━━━━━ PROVIDED RECORDS ━━━━━
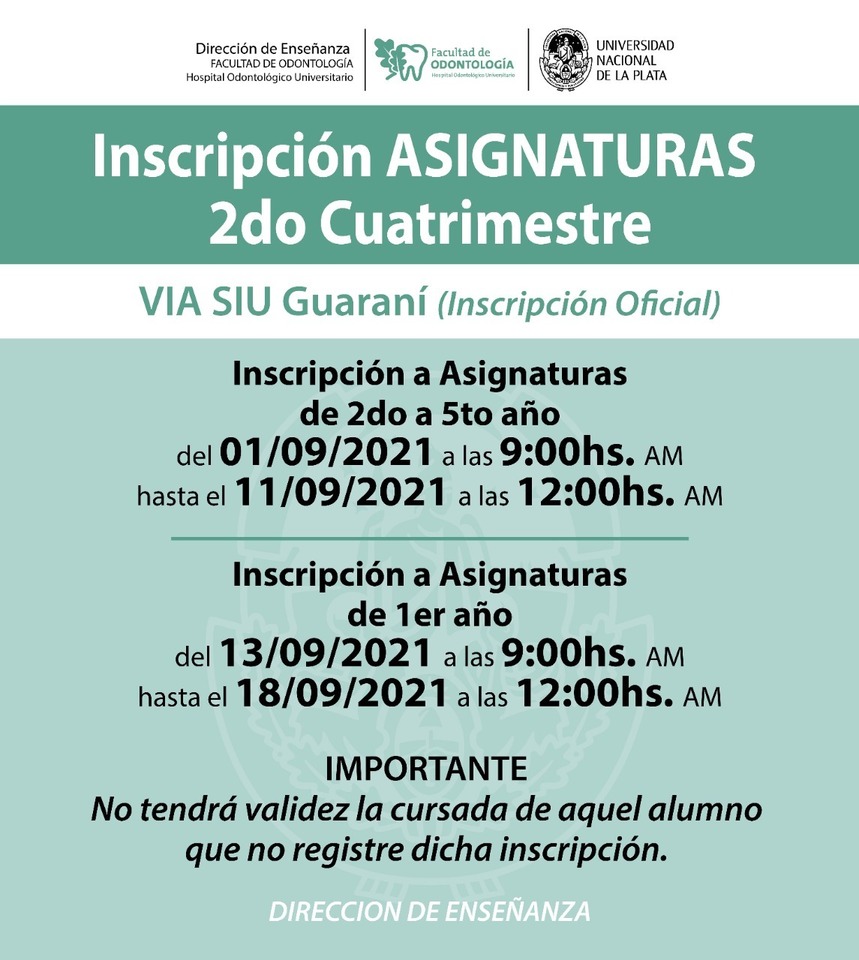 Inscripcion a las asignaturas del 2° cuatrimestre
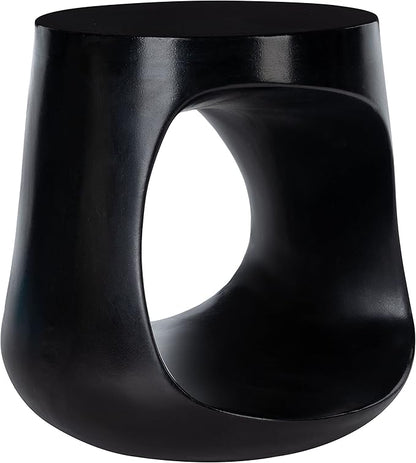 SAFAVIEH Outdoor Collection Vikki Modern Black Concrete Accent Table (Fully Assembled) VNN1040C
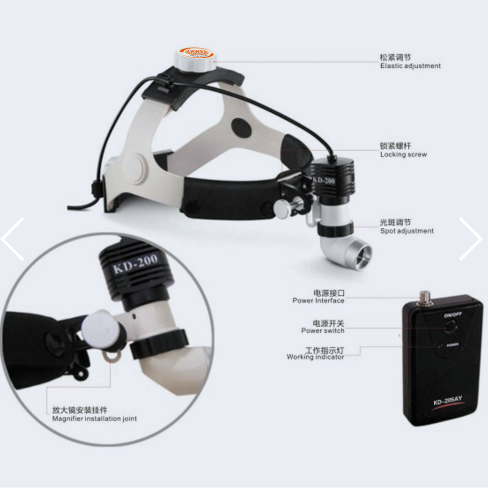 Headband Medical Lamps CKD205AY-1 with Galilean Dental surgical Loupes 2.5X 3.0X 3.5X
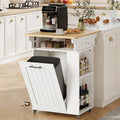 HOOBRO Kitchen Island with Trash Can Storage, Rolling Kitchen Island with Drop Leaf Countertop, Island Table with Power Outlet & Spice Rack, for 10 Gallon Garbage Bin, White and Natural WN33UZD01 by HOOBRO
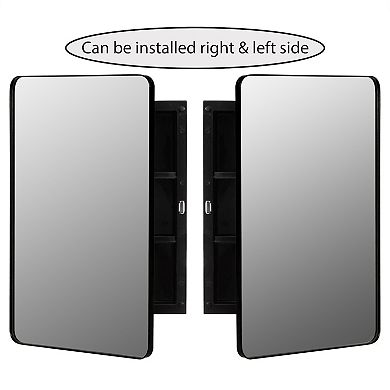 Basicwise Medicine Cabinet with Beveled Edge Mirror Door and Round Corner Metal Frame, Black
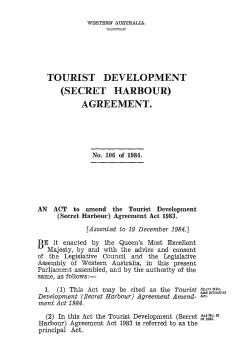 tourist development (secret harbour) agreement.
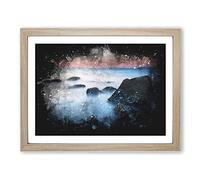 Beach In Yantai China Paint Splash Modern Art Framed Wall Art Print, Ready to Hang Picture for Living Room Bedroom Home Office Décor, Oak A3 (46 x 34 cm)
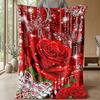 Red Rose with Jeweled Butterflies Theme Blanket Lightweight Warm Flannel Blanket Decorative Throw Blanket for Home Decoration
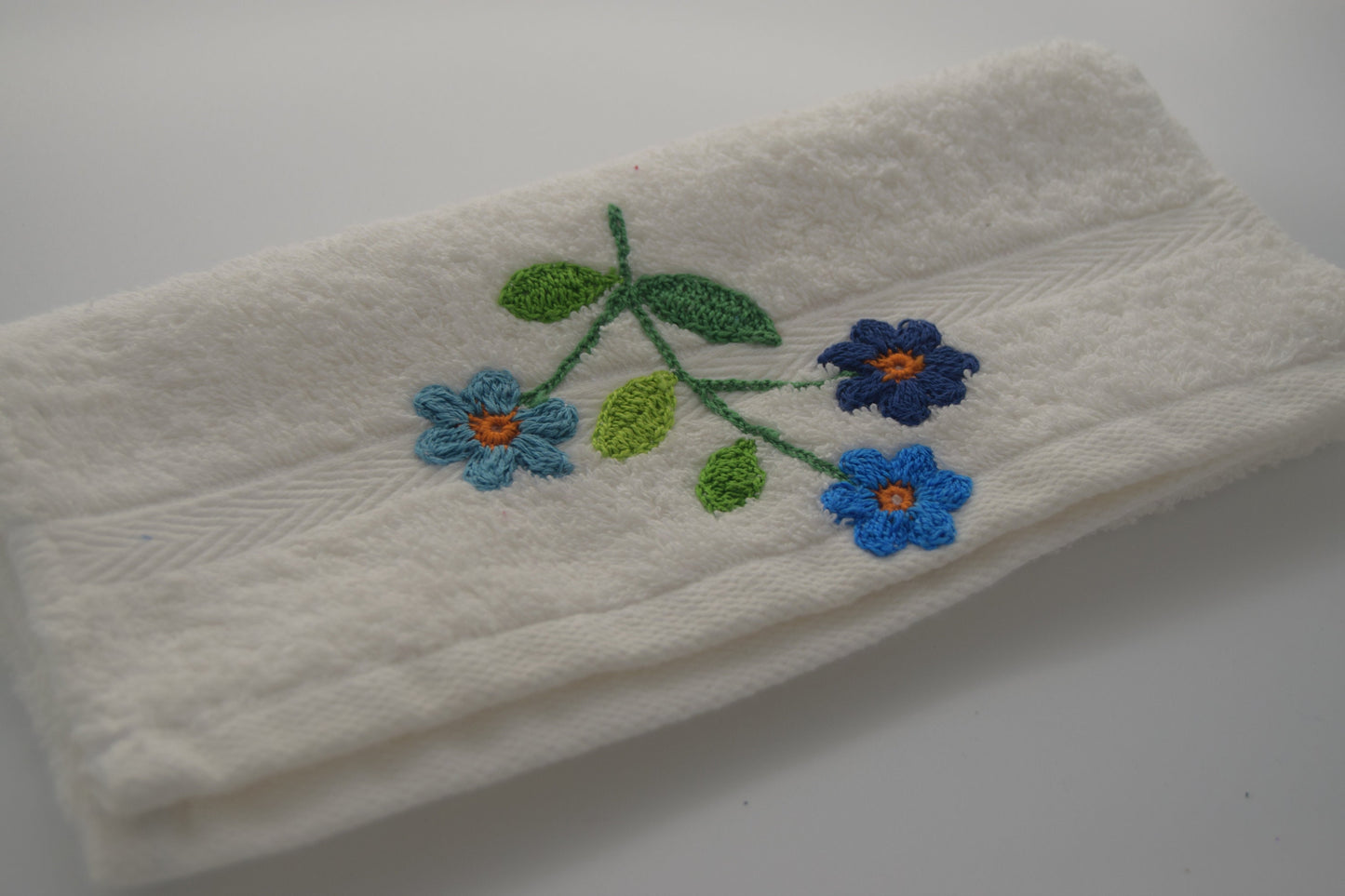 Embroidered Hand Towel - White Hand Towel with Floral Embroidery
━━━━━
TASK TO CARRY OUT: Extract the text of all the records above verbatim, excluding pictures.

RESULT OF THE EXERCISE:
 Inscripcion a las asignaturas del 2° cuatrimestre
 SAFAVIEH Outdoor Collection Vikki Modern Black Concrete Accent Table (Fully Assembled) VNN1040C
 Headband Medical Lamps CKD205AY-1 with Galilean Dental surgical Loupes 2.5X 3.0X 3.5X
 HOOBRO Kitchen Island with Trash Can Storage, Rolling Kitchen Island with Drop Leaf Countertop, Island Table with Power Outlet & Spice Rack, for 10 Gallon Garbage Bin, White and Natural WN33UZD01 by HOOBRO
 Basicwise Medicine Cabinet with Beveled Edge Mirror Door and Round Corner Metal Frame, Black
 tourist development (secret harbour) agreement.
 Beach In Yantai China Paint Splash Modern Art Framed Wall Art Print, Ready to Hang Picture for Living Room Bedroom Home Office Décor, Oak A3 (46 x 34 cm)
 Red Rose with Jeweled Butterflies Theme Blanket Lightweight Warm Flannel Blanket Decorative Throw Blanket for Home Decoration
 Embroidered Hand Towel - White Hand Towel with Floral Embroidery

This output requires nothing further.